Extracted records
------------------------------------------------------------
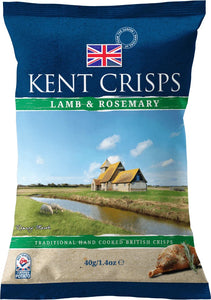 Kent Crisps Lamb & Rosemary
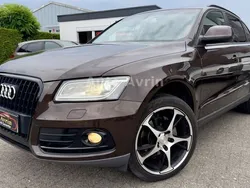 Braun Gebraucht 2013 Audi Q5 Comfort SUV | 16.999 € (Fairer Preis)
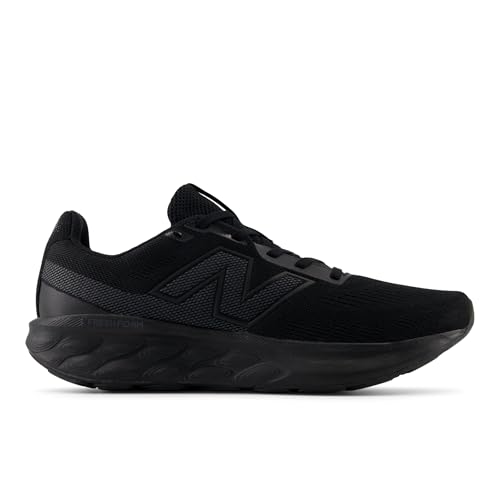 Men's Fresh Foam 520 v9 Running Shoe - Black/Phantom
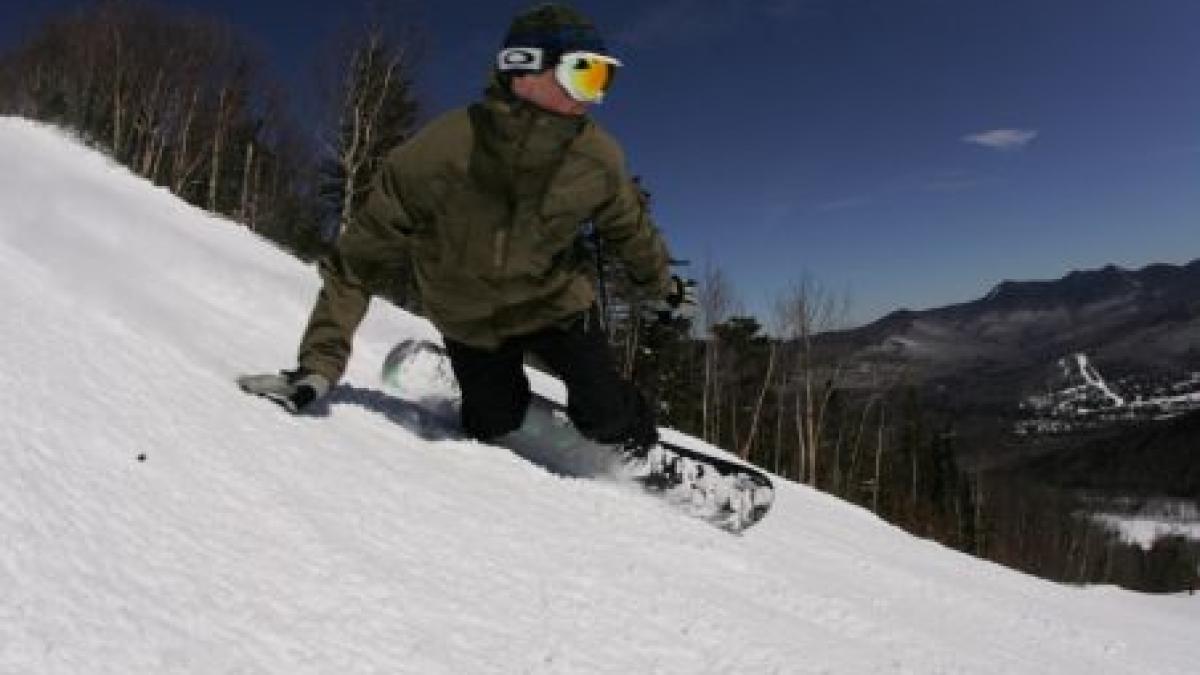 aglomeratie extraordinara pe partiile din poiana brasov si valea prahovei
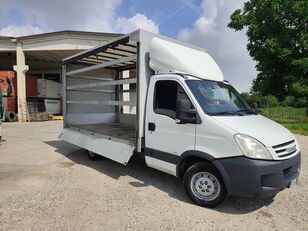 Camion bâché < 3.5t IVECO DAILY 35S12 CASSONE+CENTINA 4,2 MT. / 14 Q.LI !!! à vendre - Image 22 | Autoline SN Camion bâché < 3.5t IVECO DAILY 35S12 CASSONE+CENTINA 4,2 MT. / 14 Q.LI !!! | Image 22 - Autoline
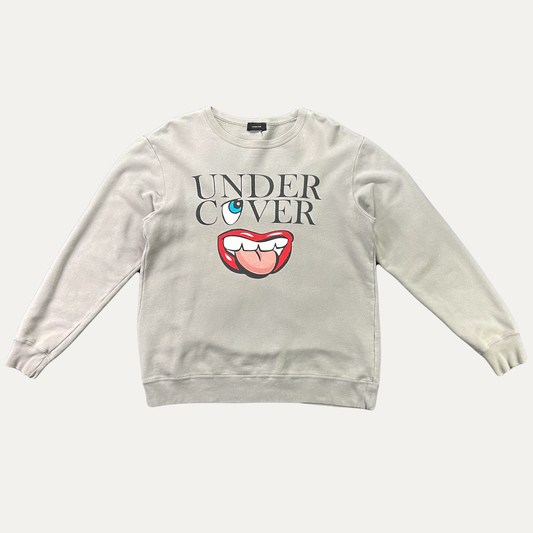 Undercover SS21 Psyworld Crewneck Sweater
------------------------------------------------------------
### ACTIVITY
Take the lines from the start of the entries through the line containing "aglomeratie extraordinara pe" and set them down exactly, leaving out every picture.

### ANSWER SECTION
 Kent Crisps Lamb & Rosemary
 Braun Gebraucht 2013 Audi Q5 Comfort SUV | 16.999 € (Fairer Preis)
 Men's Fresh Foam 520 v9 Running Shoe - Black/Phantom
 aglomeratie extraordinara pe partiile din poiana brasov si valea prahovei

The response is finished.